Tucked away in an unassuming street within hailing-distance of Waterloo Station is the 1901 Arts Club, an intimate and elegant venue dedicated to the pursuit of rare and curious pleasures. That at least is the impression from my first visit, in the estimable company of Morton Feldman and Karlheinz Stockhausen, two composers with whom it is always interesting to spend time musing on their conception of time and space, sound and colour, movement and stasis. On such occasions it is essential to have on hand artists who can light up the conversation with insightful, incisive performances; in this instance that was provided by Jonathan Powell (piano), Sophie Dunér (voice) and Leora Cohen (violin).

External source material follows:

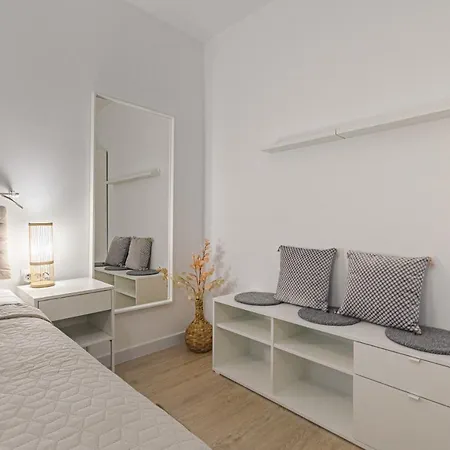 Apartment Soul Escape At Vista Bella *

For Feldman, the centenary of whose birth is being marked this year, time within musical space is primordial, unconcerned with wars, revolutions or the fluctuating price of cheese. Some of his pieces take forever to perform; others will seduce you without a moment’s notice – which is how this soirée began, with Dunér’s dreamy intonation of Only, a solo strophic setting of one of Rilke’s Sonnets to Orpheus. Her voicing resembled that of a cor anglais shorn of its nasal quality but still sounding sonorous. In the wonderland world of Stockhausen time is governed by the rules of Lewis Carroll where anything can, and does, happen – also without notice. A case in point is Klavierstück V, which is one of the markers of his retreat from the idealist aesthetics of total serialism, in favour of an exercise in heightened expressiveness driven by fluctuating tempi and, horror of horrors, recognisable repetition. Powell’s reading was full of excitement and playfulness; his articulation of the decorative patina of melismas with which the piece is encrusted brought to mind the refinement of Baroque ornamentation.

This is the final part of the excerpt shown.